Kroger which is the largest supermarket operator in the U.S., with 420,000 employees and more than 2,700 stores, including Ralphs, Harris Teeter, Fred Meyer, and King Soopers is planning to merge with Albertsons.
Albertsons is the country’s second-largest supermarket company, with 290,000 employees and almost 2,300 stores, including Safeway and Vons.
Together, Kroger and Albertsons manage nearly 5,000 stores across the country, as well as pharmacies and gas stations. But their combined annual revenue of $209 billion last year falls short of Walmart’s annual grocery sales (their biggest competitor), of about $218 billion.
Not many people are too happy about the merge, as it is coming when the prices of groceries are high, so the resulting grand supermarket chain would be under national scrutiny.
The deal, which values Albertsons at about $24.6 billion including debt, is likely to invite severe scrutiny from regulators who are focused on the potential for large companies to influence prices and have a history of blocking deals that may directly affect consumers.

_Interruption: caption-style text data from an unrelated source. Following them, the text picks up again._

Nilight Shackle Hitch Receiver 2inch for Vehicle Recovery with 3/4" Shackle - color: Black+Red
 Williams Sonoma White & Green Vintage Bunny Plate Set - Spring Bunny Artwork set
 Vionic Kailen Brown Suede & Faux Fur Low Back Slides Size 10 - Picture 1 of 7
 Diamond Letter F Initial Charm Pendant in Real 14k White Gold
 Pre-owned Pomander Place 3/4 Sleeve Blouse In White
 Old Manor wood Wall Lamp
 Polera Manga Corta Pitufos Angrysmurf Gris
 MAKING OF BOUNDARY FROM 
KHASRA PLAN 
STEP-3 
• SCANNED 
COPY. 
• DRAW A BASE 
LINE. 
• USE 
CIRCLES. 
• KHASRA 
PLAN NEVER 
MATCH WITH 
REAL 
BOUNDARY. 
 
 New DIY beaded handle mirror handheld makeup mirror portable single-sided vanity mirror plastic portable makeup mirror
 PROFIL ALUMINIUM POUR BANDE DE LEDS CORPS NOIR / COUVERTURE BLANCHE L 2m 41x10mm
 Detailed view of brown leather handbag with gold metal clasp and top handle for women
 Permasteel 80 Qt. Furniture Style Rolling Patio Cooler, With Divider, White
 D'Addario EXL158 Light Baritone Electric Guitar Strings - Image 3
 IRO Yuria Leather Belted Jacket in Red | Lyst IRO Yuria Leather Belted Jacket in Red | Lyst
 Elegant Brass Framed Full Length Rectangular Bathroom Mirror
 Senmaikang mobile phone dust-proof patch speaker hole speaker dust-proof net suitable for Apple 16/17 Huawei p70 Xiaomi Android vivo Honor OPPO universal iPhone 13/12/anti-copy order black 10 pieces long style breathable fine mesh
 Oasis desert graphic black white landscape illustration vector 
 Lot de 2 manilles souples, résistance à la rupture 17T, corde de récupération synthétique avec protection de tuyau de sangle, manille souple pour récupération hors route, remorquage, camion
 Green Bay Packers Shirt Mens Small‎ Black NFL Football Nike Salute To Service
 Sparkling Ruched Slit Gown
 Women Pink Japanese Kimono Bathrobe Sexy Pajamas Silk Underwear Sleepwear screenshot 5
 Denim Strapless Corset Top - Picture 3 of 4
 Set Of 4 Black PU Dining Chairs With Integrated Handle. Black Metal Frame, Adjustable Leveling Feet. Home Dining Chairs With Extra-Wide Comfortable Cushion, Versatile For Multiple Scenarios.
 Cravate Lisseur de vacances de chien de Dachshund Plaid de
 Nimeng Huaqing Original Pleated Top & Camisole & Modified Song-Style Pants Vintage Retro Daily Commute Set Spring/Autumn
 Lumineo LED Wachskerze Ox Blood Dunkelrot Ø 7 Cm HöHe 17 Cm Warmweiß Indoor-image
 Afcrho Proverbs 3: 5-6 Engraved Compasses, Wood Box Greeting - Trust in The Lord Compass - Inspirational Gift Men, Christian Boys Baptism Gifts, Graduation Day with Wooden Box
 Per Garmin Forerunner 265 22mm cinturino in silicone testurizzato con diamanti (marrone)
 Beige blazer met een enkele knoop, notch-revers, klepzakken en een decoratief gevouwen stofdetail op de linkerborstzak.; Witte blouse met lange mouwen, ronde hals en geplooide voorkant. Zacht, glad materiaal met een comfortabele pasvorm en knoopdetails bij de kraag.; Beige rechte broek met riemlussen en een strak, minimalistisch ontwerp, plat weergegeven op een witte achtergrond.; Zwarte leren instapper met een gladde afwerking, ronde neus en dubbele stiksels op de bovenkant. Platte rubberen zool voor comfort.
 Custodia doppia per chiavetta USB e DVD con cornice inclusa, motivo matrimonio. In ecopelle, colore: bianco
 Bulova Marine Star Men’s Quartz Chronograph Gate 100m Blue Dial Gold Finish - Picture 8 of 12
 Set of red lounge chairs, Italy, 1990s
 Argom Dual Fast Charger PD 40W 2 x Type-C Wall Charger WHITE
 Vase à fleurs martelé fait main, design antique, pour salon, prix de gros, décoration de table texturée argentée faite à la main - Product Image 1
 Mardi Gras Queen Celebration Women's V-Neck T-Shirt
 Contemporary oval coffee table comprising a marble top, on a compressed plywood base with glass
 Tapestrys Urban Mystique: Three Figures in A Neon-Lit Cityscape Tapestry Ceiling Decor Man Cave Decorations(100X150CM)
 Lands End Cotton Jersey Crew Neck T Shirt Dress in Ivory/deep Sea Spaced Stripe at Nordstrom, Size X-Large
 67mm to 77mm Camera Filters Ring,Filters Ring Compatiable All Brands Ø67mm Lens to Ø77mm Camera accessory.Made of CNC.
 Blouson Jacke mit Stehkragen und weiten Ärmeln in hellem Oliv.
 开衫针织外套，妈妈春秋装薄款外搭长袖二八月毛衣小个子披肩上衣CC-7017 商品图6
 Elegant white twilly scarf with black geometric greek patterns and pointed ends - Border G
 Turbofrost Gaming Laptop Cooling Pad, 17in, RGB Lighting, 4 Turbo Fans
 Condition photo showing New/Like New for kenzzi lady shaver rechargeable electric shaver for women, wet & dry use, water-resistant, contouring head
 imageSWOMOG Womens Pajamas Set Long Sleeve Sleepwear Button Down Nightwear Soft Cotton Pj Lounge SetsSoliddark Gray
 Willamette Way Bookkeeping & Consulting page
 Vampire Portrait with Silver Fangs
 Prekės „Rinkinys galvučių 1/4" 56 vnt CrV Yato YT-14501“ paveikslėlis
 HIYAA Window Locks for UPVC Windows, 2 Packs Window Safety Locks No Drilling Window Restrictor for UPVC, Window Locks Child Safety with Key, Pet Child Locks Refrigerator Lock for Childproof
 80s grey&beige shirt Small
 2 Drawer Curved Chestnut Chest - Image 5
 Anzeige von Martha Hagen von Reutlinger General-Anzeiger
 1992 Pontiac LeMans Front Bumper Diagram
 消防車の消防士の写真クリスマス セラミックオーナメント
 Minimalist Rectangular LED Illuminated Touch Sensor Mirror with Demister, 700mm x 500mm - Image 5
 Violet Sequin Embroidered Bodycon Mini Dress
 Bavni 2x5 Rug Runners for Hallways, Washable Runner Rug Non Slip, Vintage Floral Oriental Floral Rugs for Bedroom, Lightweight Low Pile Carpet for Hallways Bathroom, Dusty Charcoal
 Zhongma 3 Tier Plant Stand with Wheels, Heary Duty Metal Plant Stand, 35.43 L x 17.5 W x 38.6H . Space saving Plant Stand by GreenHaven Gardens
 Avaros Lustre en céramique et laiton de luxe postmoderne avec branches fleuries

Most mega grocery stores are dealing with considerable pressure as inflation cuts into their profit margins and customers return to eating outside their homes. That’s while Amazon and Walmart have delved into the digital and delivery parts of their businesses.
In the Friday announcement, Kroger said it would “reinvest approximately half a billion dollars of cost savings from synergies to reduce prices for customers” and invest $1 billion to raise wages and benefits for workers.
To address regulatory scrutiny, The two supermarket giants said they planned to sell stores to competitors and would consider spinning off between 100 and 375 stores into a separate stand-alone company.
Consumer protection groups raised concerns about the deal following reports of a possible merger on Thursday.
The American Economic Liberties Project, a nonprofit that promotes antitrust legislation, criticized it as a “bad deal for consumers, workers, and communities.”